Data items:
- Opening Delimiter -

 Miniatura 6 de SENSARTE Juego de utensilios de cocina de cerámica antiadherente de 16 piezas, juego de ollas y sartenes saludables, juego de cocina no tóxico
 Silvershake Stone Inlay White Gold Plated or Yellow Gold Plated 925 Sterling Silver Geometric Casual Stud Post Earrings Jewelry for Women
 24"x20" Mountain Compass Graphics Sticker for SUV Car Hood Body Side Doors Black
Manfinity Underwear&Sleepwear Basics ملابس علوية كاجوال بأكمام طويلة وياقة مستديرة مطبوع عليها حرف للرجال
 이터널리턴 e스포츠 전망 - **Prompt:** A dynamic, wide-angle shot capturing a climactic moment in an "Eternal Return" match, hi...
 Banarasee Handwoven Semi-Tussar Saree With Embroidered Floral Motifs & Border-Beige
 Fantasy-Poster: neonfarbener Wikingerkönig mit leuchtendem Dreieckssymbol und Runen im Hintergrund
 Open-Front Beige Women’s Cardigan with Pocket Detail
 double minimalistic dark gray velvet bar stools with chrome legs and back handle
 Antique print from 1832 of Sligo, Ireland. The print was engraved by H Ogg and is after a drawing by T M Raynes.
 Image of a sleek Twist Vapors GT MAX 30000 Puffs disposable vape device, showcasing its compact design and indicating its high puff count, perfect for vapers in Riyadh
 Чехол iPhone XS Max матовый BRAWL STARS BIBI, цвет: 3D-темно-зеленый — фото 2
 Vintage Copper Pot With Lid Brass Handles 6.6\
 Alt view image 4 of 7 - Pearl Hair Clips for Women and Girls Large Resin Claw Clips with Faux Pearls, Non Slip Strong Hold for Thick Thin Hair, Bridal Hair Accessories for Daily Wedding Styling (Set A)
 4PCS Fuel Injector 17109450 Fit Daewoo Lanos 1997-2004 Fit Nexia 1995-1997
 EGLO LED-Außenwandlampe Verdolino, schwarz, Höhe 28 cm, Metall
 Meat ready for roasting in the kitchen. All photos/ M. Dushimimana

- Closing Delimiter -

Work item: Would you filter the records and copy out each line containing "Women"?

Task solution:
 Silvershake Stone Inlay White Gold Plated or Yellow Gold Plated 925 Sterling Silver Geometric Casual Stud Post Earrings Jewelry for Women
 Open-Front Beige Women’s Cardigan with Pocket Detail
 Alt view image 4 of 7 - Pearl Hair Clips for Women and Girls Large Resin Claw Clips with Faux Pearls, Non Slip Strong Hold for Thick Thin Hair, Bridal Hair Accessories for Daily Wedding Styling (Set A)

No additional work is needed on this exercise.